─── Input material
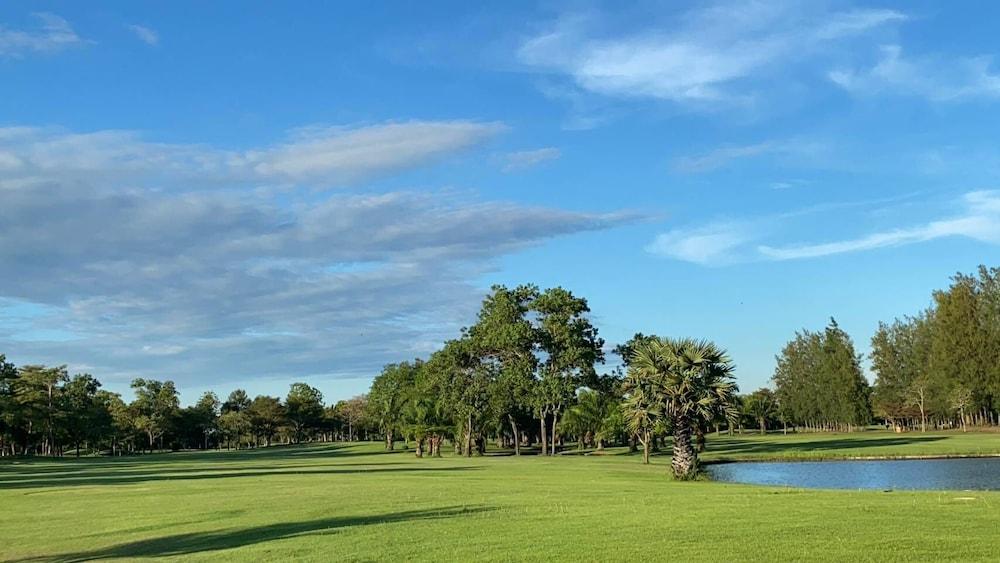 The Pine Golf Club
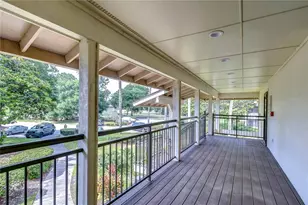 29300 Bay Hollow Dr, Wesley Chapel, FL 33543 - Photo 8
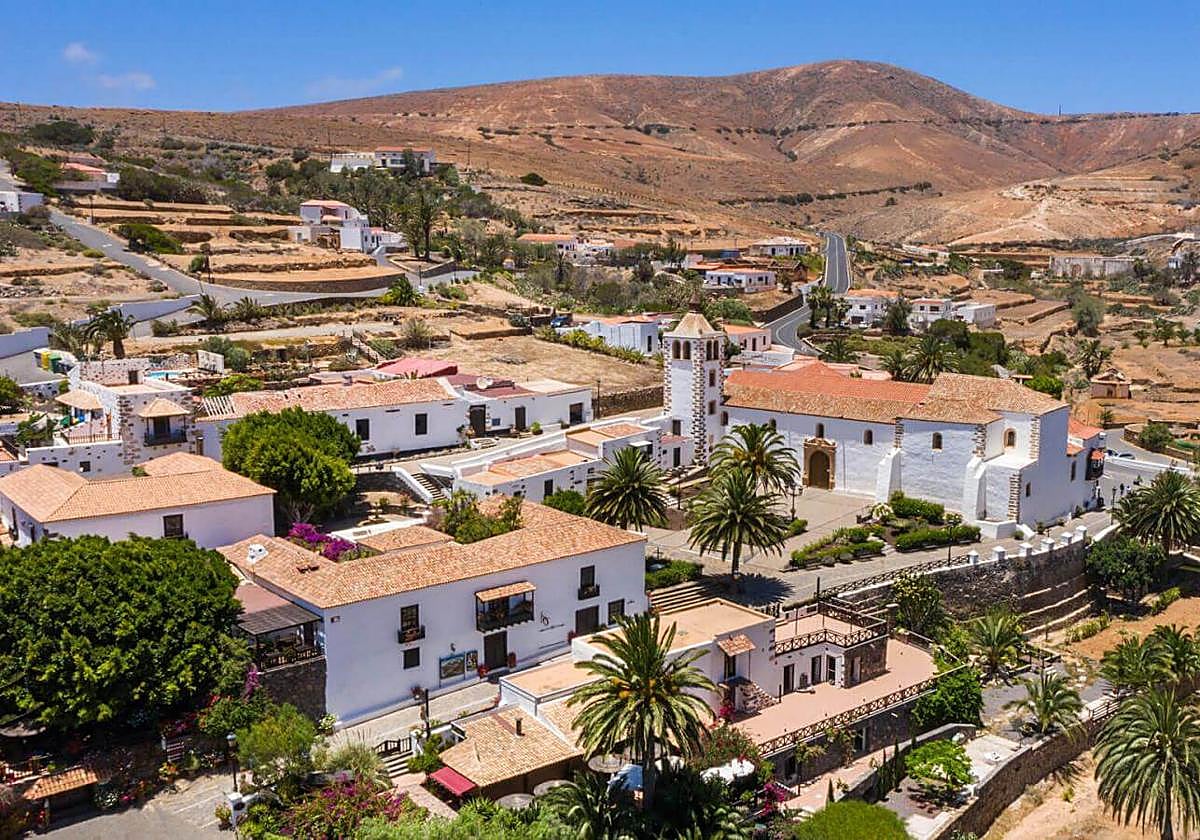 Historical Sites of the Canary Islands Gather in Betancuria to Address the Challenge of Tourist Pressure Historical Sites of the Canary Islands Gather in Betancuria to Address the Challenge of Tourist Pressure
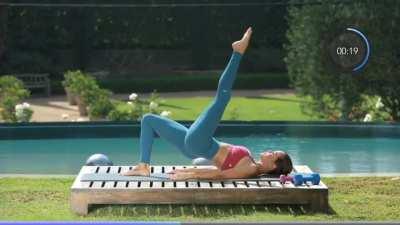 Brooke Burke (those arches🔥🔥🔥)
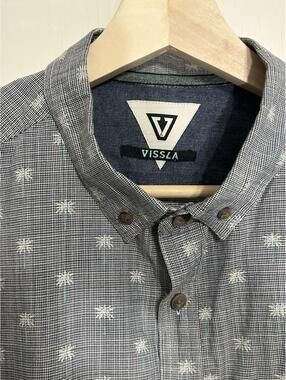 Vissla Shirt Mens Medium  Gray Short Sleeve Button Front Dotted Surf Casual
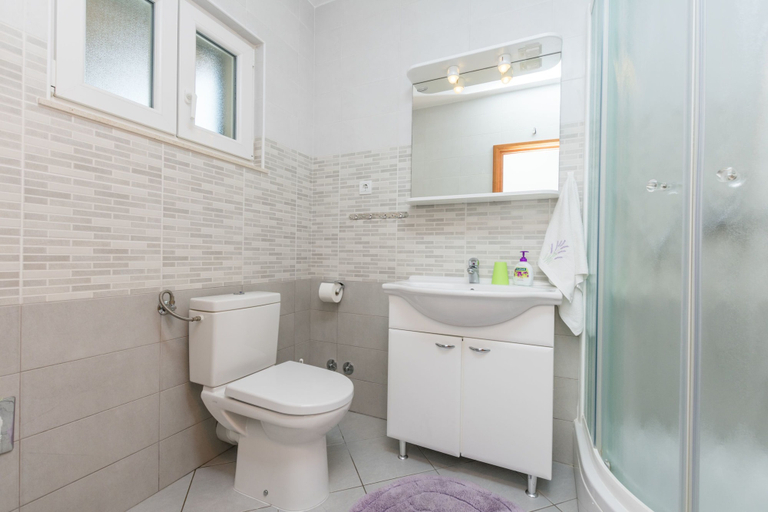 Bathroom 3, Apartments Frane, Primošten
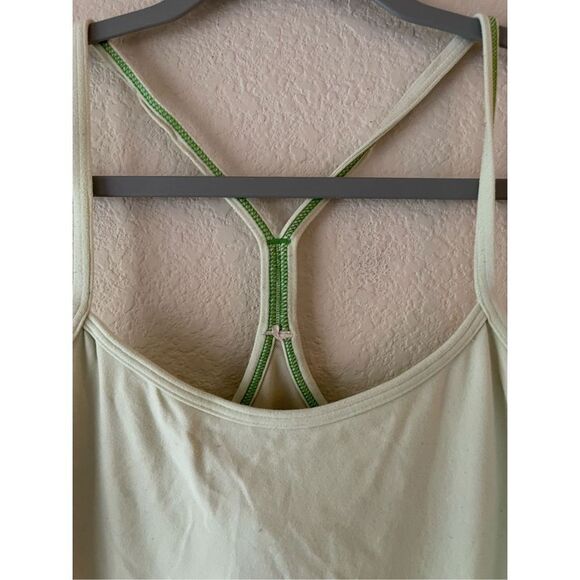 Lululemon green workout tank size 10 - Picture 5 of 5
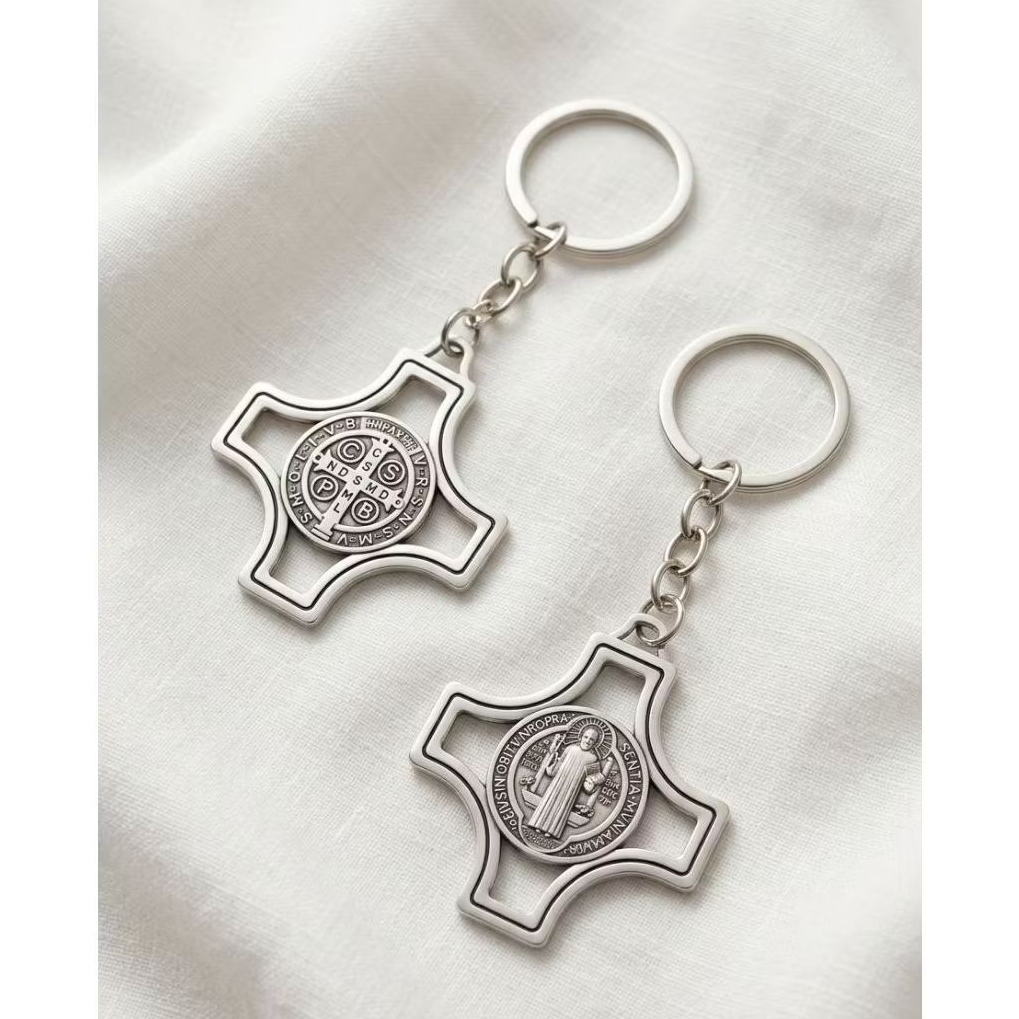 GANTUNGAN Benedict Cross Keychain with Holes Silver 4x4cm A32/14 - พวงกุญแจ Benedict - Benedict Meda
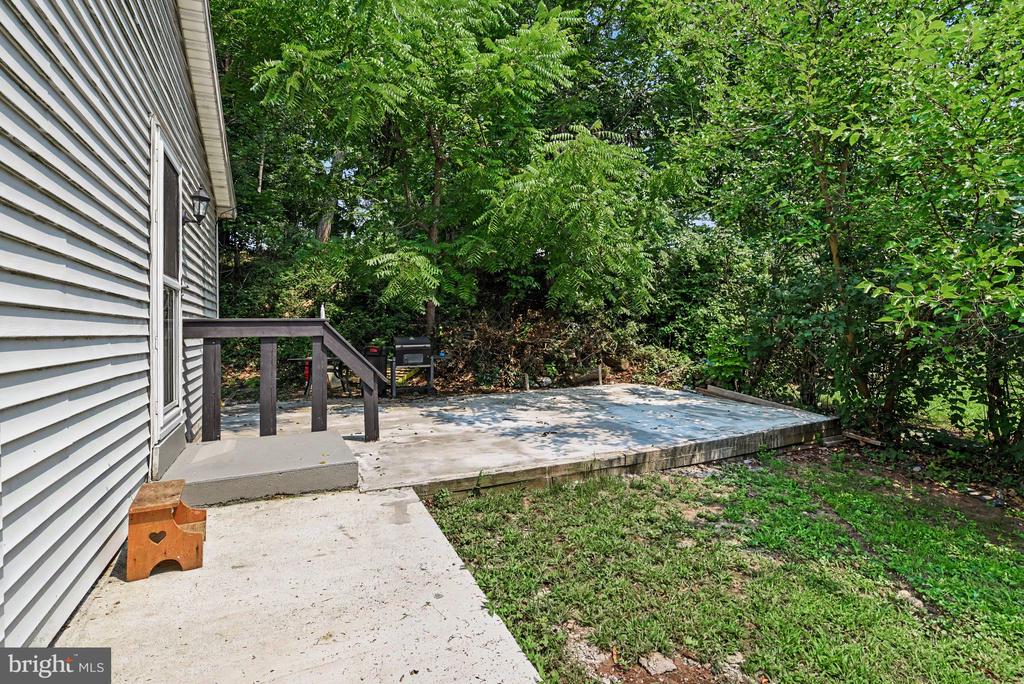 1241 RIVERVIEW ROAD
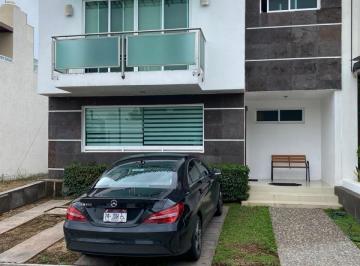Casa · 197m² · 3 Recámaras · Casa - Fraccionamiento Rincón de La Montaña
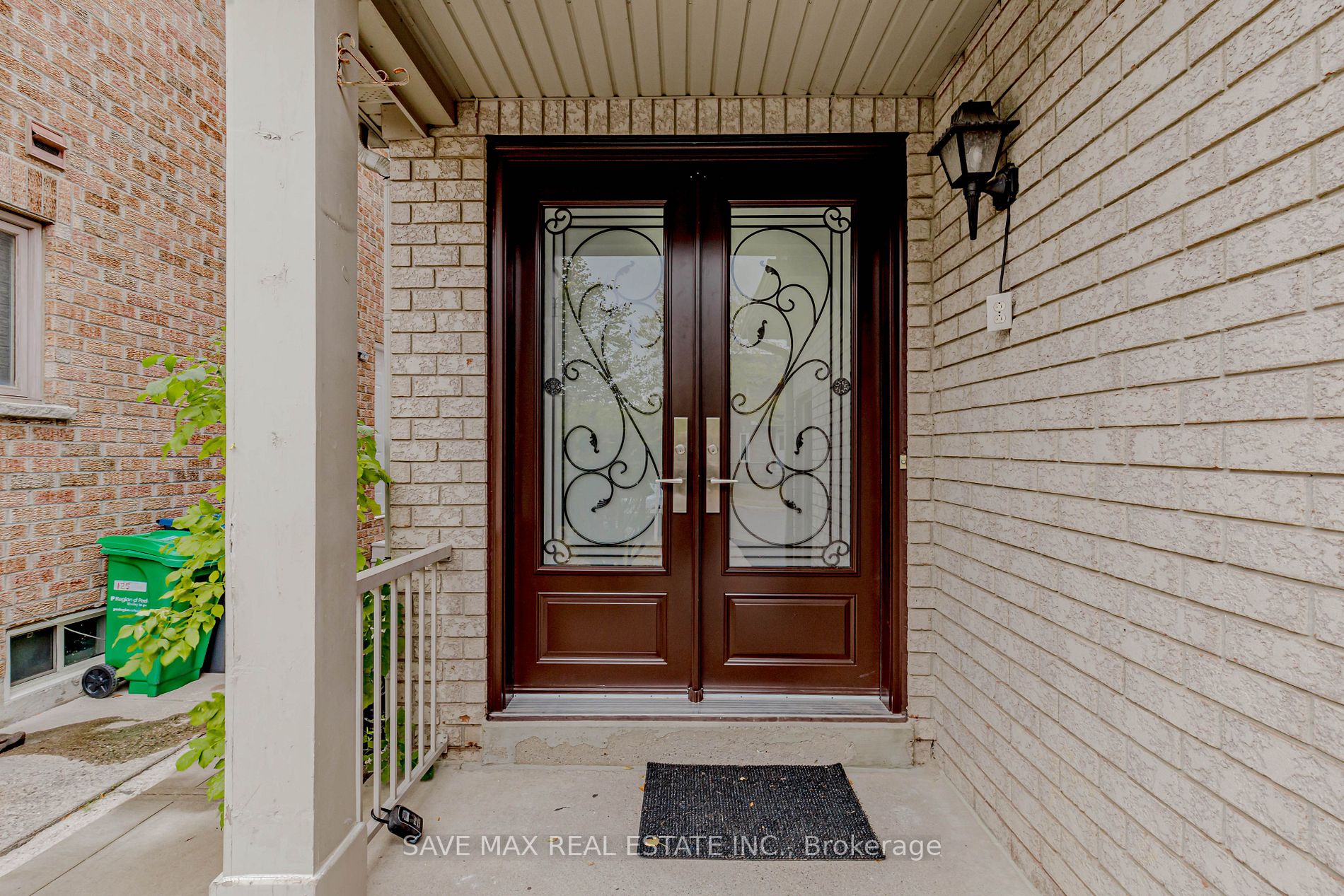 123 Morningmist Street
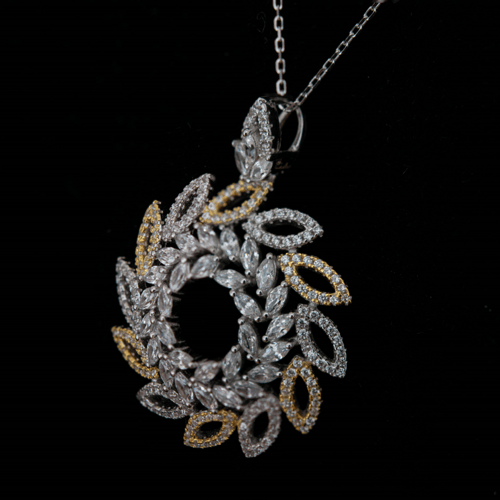 تعليقة فضة مميزة باللون الذهبي والفضي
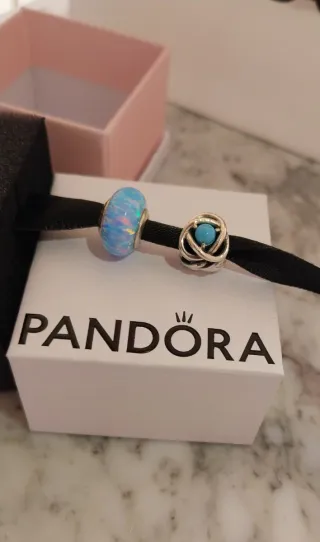 Lote 2 Charms Pandora con ópalo y con Turquesa.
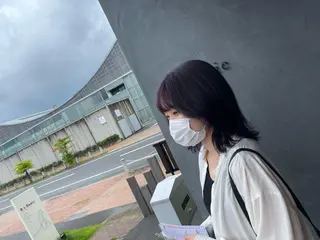 ミディアム カラー Seen.所属・吉野 智行のヘアスタイル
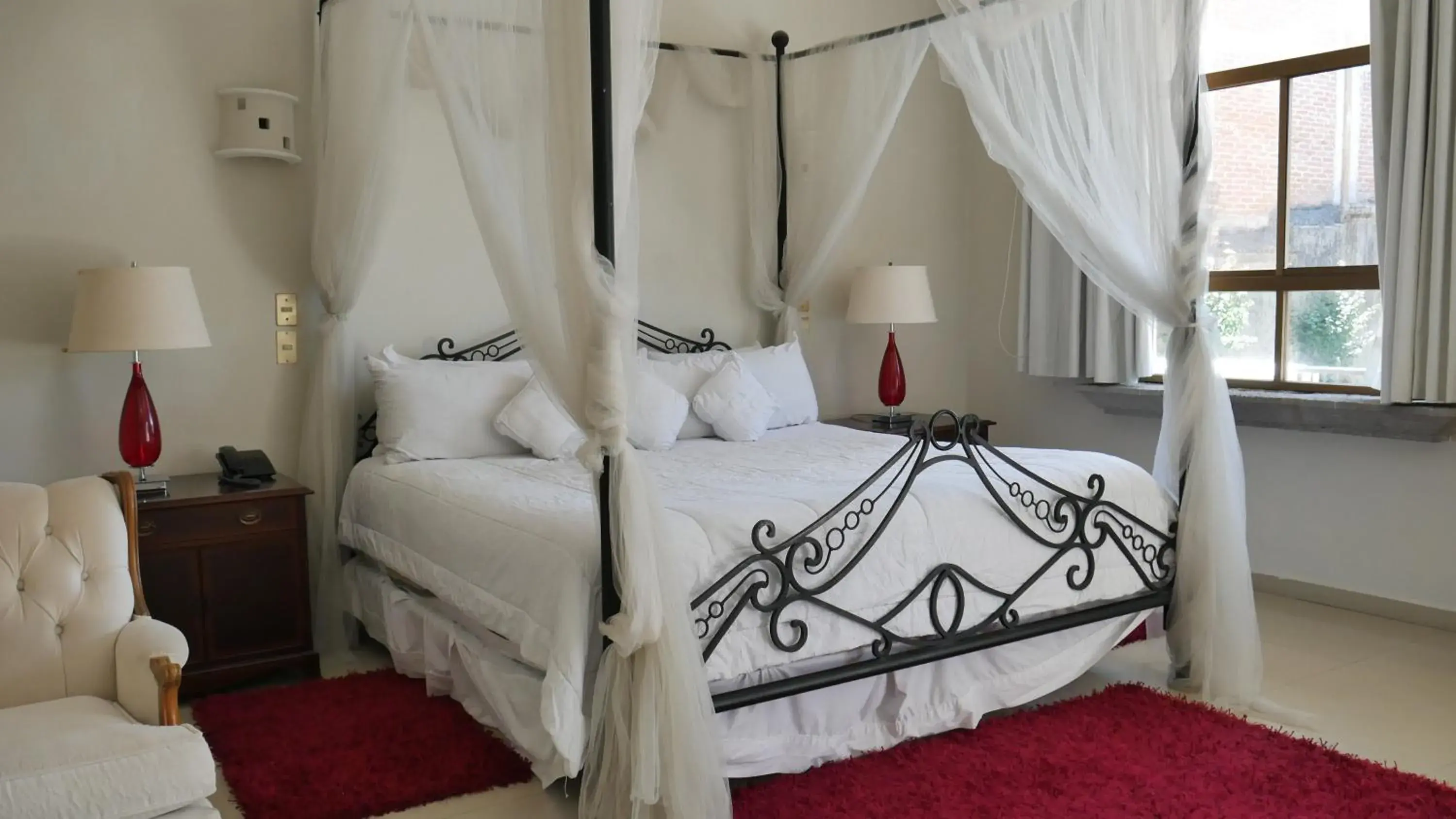 Deluxe King Room in Hotel Hacienda las Higueras Deluxe King Room in Hotel Hacienda las Higueras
──────
**What the task requires**
The entries are to be transcribed word for word, without their images.

**Completed exercise**
 The Pine Golf Club
 29300 Bay Hollow Dr, Wesley Chapel, FL 33543 - Photo 8
 Historical Sites of the Canary Islands Gather in Betancuria to Address the Challenge of Tourist Pressure Historical Sites of the Canary Islands Gather in Betancuria to Address the Challenge of Tourist Pressure
 Brooke Burke (those arches🔥🔥🔥)
 Vissla Shirt Mens Medium  Gray Short Sleeve Button Front Dotted Surf Casual
 Bathroom 3, Apartments Frane, Primošten
 Lululemon green workout tank size 10 - Picture 5 of 5
 GANTUNGAN Benedict Cross Keychain with Holes Silver 4x4cm A32/14 - พวงกุญแจ Benedict - Benedict Meda
 1241 RIVERVIEW ROAD
Casa · 197m² · 3 Recámaras · Casa - Fraccionamiento Rincón de La Montaña
 123 Morningmist Street
 تعليقة فضة مميزة باللون الذهبي والفضي
 Lote 2 Charms Pandora con ópalo y con Turquesa.
 ミディアム カラー Seen.所属・吉野 智行のヘアスタイル
 Deluxe King Room in Hotel Hacienda las Higueras Deluxe King Room in Hotel Hacienda las Higueras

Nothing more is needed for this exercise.